▶ _DATA FOR ANALYSIS_:
☆ ☆ ☆ ☆
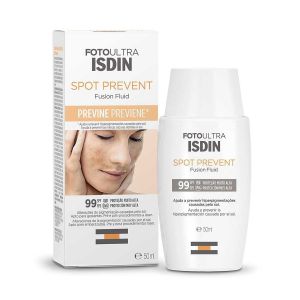 Protetor Solar Facial Foto Ultra Spot Prevent Fusion Fluid FPS 99 Com 50ml Isdin
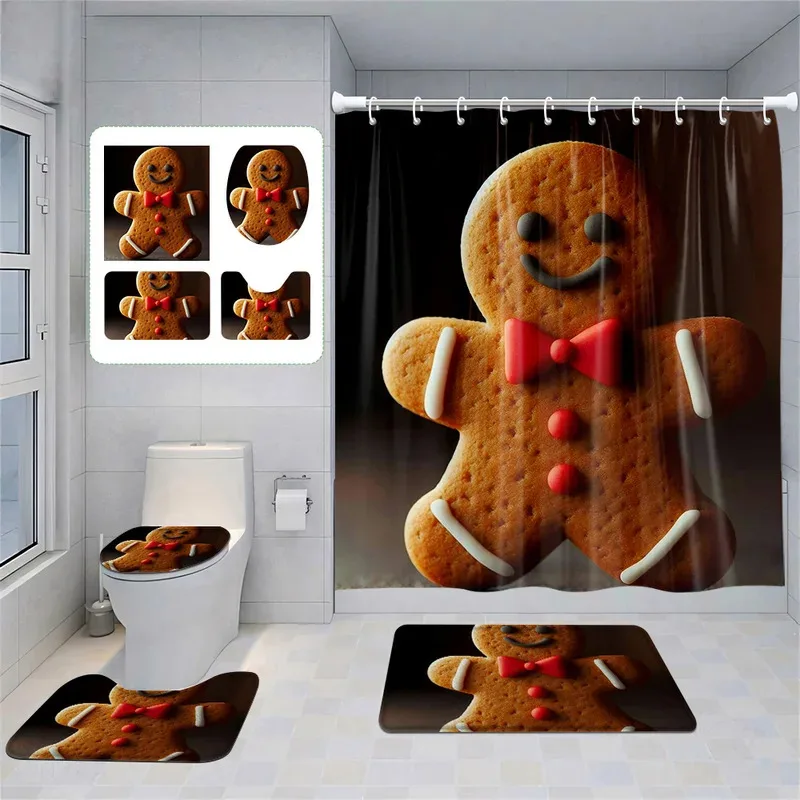 

JUJ63Home shower curtains bathroom Decora waterproof fabric non-slip bath mat water absorption curtain Modern Nordic Merry C3jn$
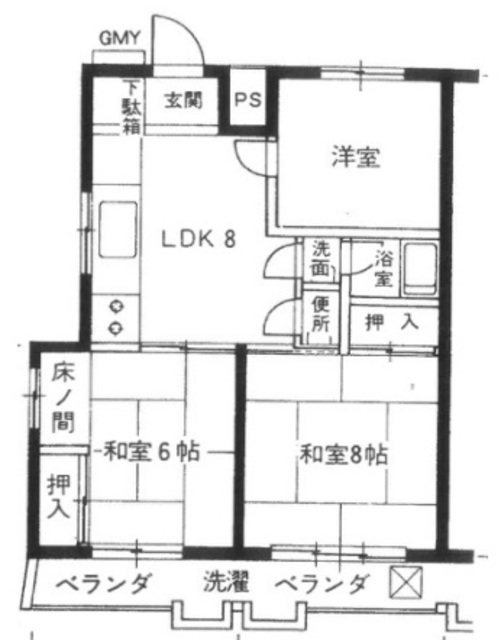 毎日落合マンション 3階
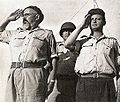 Yitzhak Sadeh (left) and Yigal Allon (1948)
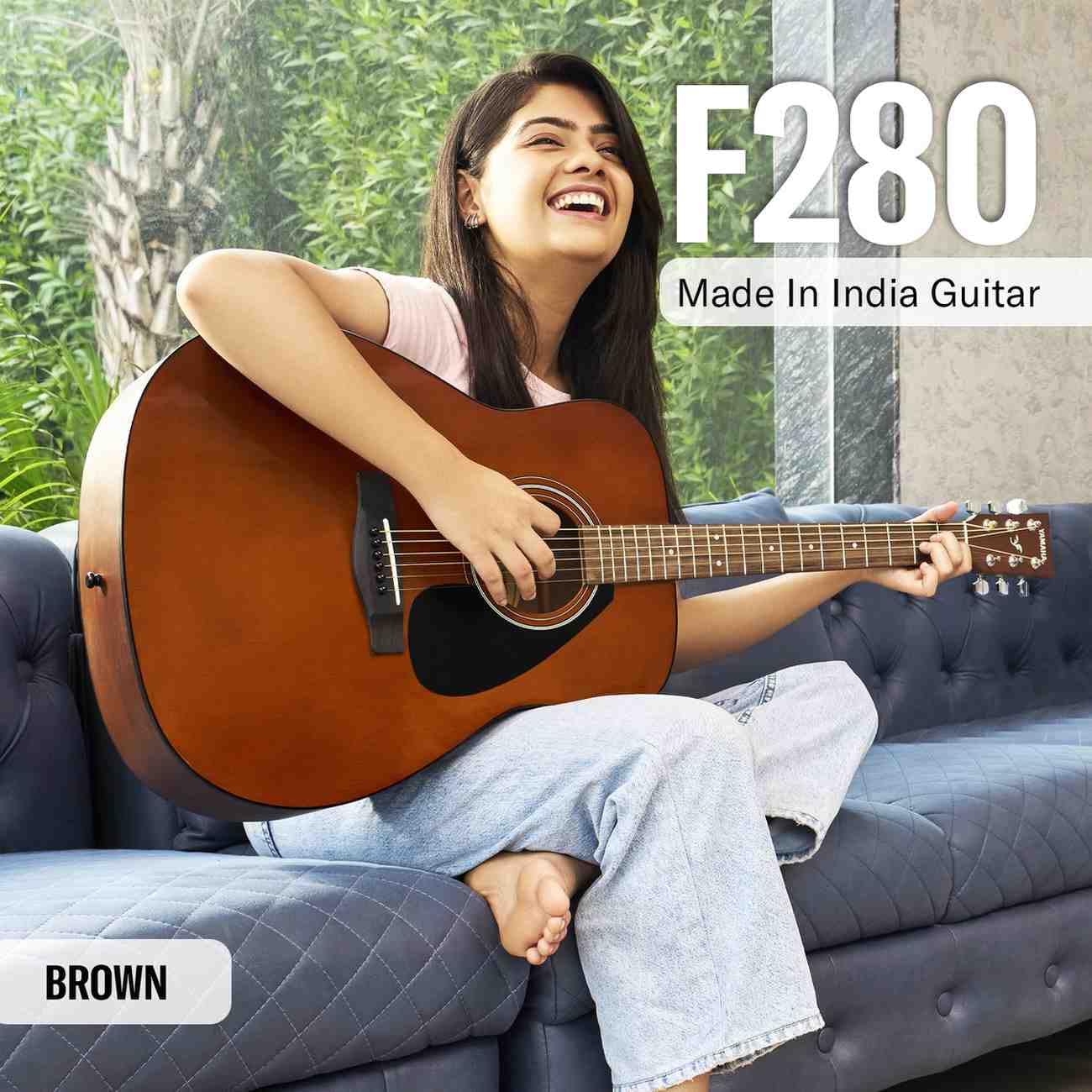 Yamaha F280 Wood Brown Acoustic Guitar Made In India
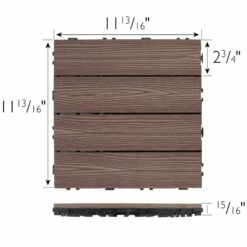 Square Deck Tiles In Russet Canyon, 6-Pack 19 Square Deck Tiles In Russet Canyon, 6-Pack -US Home Sales Store square deck tiles russet canyon 7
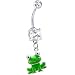 Smiling Frog Belly Ring
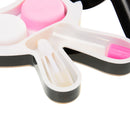 Cute Rabbit Shape Travel Contact Lens Case Pocket Size Storage Holder Container, Random Color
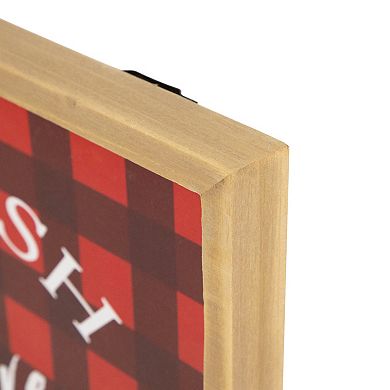 Northlight Plaid "Farm Fresh Christmas Trees Framed Christmas Wall Sign"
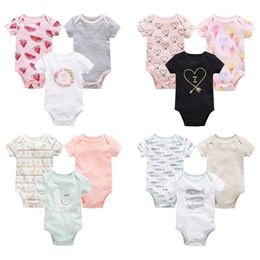 born Baby Girl Clothes Short Sleeve /set Cotton Clothes Set body baby Jumpsuit Born Baby Boy Clothing LJ201221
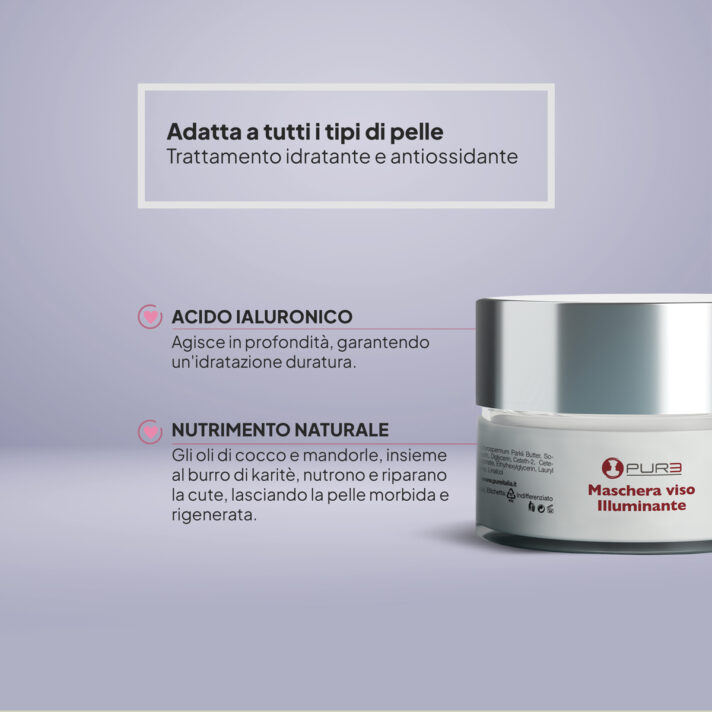 Dettagli Maschera Viso Illuminante di Pure Italia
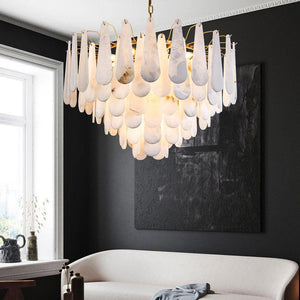 Alabaster Anne Foyer Art Chandelier-Arialamps
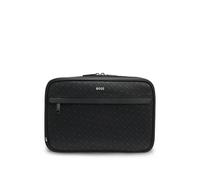 Boss Zair Bolsa de aseo Piel 28 cm negro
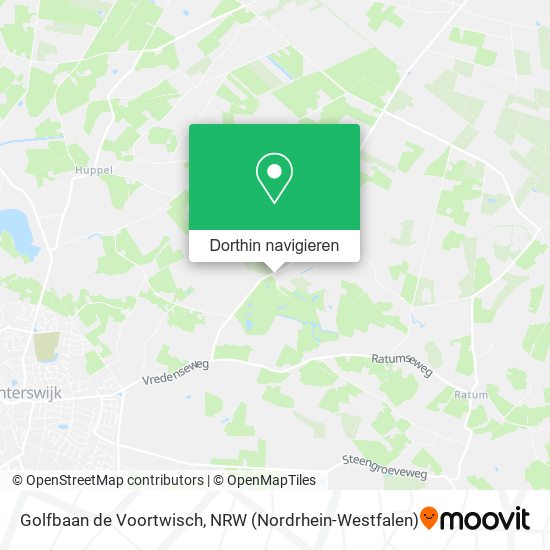 Golfbaan de Voortwisch Karte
☆ ☆ ☆ ☆
▶ _TASK INSTRUCTIONS_:
Copy the listing over exactly, skipping the pictures it holds.

▶ _PROBLEM SOLUTION_:
 Protetor Solar Facial Foto Ultra Spot Prevent Fusion Fluid FPS 99 Com 50ml Isdin

JUJ63Home shower curtains bathroom Decora waterproof fabric non-slip bath mat water absorption curtain Modern Nordic Merry C3jn$
 毎日落合マンション 3階
 Yitzhak Sadeh (left) and Yigal Allon (1948)
 Yamaha F280 Wood Brown Acoustic Guitar Made In India
 Square Deck Tiles In Russet Canyon, 6-Pack 19 Square Deck Tiles In Russet Canyon, 6-Pack -US Home Sales Store square deck tiles russet canyon 7
 Smiling Frog Belly Ring
 Cute Rabbit Shape Travel Contact Lens Case Pocket Size Storage Holder Container, Random Color
 Northlight Plaid "Farm Fresh Christmas Trees Framed Christmas Wall Sign"
 born Baby Girl Clothes Short Sleeve /set Cotton Clothes Set body baby Jumpsuit Born Baby Boy Clothing LJ201221
 Dettagli Maschera Viso Illuminante di Pure Italia
 Alabaster Anne Foyer Art Chandelier-Arialamps
 Boss Zair Bolsa de aseo Piel 28 cm negro
 Golfbaan de Voortwisch Karte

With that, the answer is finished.